# Data section
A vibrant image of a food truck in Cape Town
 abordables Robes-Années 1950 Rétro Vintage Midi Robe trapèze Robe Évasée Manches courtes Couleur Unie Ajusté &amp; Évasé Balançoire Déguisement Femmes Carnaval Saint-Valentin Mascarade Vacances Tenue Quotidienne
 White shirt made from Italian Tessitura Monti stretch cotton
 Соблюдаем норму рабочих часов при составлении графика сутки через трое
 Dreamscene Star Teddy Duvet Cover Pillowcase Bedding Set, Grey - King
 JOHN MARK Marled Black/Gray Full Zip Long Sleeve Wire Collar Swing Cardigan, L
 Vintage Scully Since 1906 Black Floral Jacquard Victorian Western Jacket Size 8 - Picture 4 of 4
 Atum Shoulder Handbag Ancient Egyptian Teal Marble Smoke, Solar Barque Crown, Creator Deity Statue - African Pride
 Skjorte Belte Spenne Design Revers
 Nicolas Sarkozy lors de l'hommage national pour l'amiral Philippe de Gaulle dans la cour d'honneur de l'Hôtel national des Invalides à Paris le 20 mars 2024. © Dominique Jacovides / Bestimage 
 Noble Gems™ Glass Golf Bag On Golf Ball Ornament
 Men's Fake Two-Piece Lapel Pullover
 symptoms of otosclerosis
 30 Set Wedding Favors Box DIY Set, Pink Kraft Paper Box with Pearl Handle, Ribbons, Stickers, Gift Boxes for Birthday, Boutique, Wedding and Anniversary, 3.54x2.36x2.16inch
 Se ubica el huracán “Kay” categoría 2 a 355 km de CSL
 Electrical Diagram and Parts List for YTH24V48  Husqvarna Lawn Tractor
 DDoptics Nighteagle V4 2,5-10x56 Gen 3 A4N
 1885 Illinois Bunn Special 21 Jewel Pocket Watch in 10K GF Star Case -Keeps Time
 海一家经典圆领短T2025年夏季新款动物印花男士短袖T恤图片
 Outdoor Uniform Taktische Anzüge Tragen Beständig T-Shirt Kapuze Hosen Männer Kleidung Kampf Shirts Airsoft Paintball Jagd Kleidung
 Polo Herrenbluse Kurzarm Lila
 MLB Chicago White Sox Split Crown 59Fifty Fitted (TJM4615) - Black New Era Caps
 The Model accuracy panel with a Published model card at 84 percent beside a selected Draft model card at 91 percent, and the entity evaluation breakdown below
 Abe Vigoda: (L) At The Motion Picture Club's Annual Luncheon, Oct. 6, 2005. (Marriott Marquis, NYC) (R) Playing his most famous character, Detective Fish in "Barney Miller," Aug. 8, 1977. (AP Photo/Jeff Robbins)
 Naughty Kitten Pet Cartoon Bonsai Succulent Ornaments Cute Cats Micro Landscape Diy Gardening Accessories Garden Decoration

# Your instructions
The reply should consist solely of the lines above from the one that has "30 Set Wedding" through the one that has "Polo Herrenbluse Kurzarm Lila", reproduced exactly.

# Response to this task
 30 Set Wedding Favors Box DIY Set, Pink Kraft Paper Box with Pearl Handle, Ribbons, Stickers, Gift Boxes for Birthday, Boutique, Wedding and Anniversary, 3.54x2.36x2.16inch
 Se ubica el huracán “Kay” categoría 2 a 355 km de CSL
 Electrical Diagram and Parts List for YTH24V48  Husqvarna Lawn Tractor
 DDoptics Nighteagle V4 2,5-10x56 Gen 3 A4N
 1885 Illinois Bunn Special 21 Jewel Pocket Watch in 10K GF Star Case -Keeps Time
 海一家经典圆领短T2025年夏季新款动物印花男士短袖T恤图片
 Outdoor Uniform Taktische Anzüge Tragen Beständig T-Shirt Kapuze Hosen Männer Kleidung Kampf Shirts Airsoft Paintball Jagd Kleidung
 Polo Herrenbluse Kurzarm Lila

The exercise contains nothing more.